The Digital Signature Certificate can be obtain by a person by following a few simple steps. At first, the person who wishes to obtain a DSC has to log in to the website of the Certifying Authority licensed to issue Digital Certificates in India. Then, the person needs to fill in the required and necessary details that are asked for. After filing the details,
he/she has to provide the supporting documentation as proof of identity and address that must be attested by an attesting officer.
Following which a demand draft or a cheque must be drawn towards payment for application of DSC in the name of the Local Registration Authority where the person is going to apply for verification. Finally, after fulfilling all the requisites, we need to enclose all the required documents in an envelope and address the same to the Local Registration Authority (LRA) and
post it to the designated address of the LRA for further processing. On completion of the steps by filling in the DSC Form and providing necessary documents and
payment, we complete the application process for your Digital Signature Certificate.
Technology has changed the world we live in. We are ONLINE, in one way or the other, all day long. Our phones and computers have become the reflections of our personalities, our interests, and our identities. They hold so much information in that tiny box that is extremely important to us.
It is an age of Information and Technology. No country can progress if it lacks behind in technology. Luckily, India has achieved a lot in this field, but still needs more improvement in this field. There would always be a thin line difference between the pen and paper-based contracts and e-contracts. Electronic contracts indeed ease our inconvenience,
but how do we avoid mistakes caused due to human error in the programming software. How does a layman know about the error in software or who bears the risk of such inevitable errors? Here the Judiciary needs to adopt a pragmatic view to allocate the risk to the parties involved in the e-contracts.
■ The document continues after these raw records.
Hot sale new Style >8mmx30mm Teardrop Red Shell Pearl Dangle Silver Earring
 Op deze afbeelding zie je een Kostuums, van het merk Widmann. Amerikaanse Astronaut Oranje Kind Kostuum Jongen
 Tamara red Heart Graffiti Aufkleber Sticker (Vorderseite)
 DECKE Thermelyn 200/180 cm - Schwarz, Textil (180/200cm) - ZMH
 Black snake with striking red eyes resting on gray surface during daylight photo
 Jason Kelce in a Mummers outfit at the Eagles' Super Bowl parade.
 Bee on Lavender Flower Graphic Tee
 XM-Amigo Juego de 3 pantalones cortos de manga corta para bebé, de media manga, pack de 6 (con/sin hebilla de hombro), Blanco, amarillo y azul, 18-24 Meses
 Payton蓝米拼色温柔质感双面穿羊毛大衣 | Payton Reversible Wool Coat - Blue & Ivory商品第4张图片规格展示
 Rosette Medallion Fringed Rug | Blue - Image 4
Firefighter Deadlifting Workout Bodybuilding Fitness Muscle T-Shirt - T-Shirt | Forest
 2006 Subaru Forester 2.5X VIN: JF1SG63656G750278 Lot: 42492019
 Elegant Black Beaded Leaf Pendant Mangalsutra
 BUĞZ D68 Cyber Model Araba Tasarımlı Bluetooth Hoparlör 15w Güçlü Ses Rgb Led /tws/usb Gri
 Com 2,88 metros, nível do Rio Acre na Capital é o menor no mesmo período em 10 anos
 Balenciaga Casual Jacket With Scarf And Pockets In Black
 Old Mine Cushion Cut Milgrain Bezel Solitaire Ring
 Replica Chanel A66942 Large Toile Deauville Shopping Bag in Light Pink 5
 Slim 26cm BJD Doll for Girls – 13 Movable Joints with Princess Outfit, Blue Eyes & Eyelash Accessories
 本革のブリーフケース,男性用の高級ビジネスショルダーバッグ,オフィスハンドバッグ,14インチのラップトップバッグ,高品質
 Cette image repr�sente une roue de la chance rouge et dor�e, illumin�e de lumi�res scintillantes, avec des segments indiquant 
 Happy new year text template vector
Also, the increased online transactions today need stronger security protection than passwords, security PINS, or digital signatures. If our Government encourages and allows multiple methods of authentication,
it would be really helpful for people to protect themselves from online fraud. Multiple methods of authentications can include the use of fingerprints or
getting any identity proof of a person with password-based online transactions. This will allow a quick recognition of people which would help to curb online fraud and facilitate easier online purchases. Further, it would also intensify the online protection of consumers,
as even today identifying the true identity of a person online sitting behind a screen is still a delusion.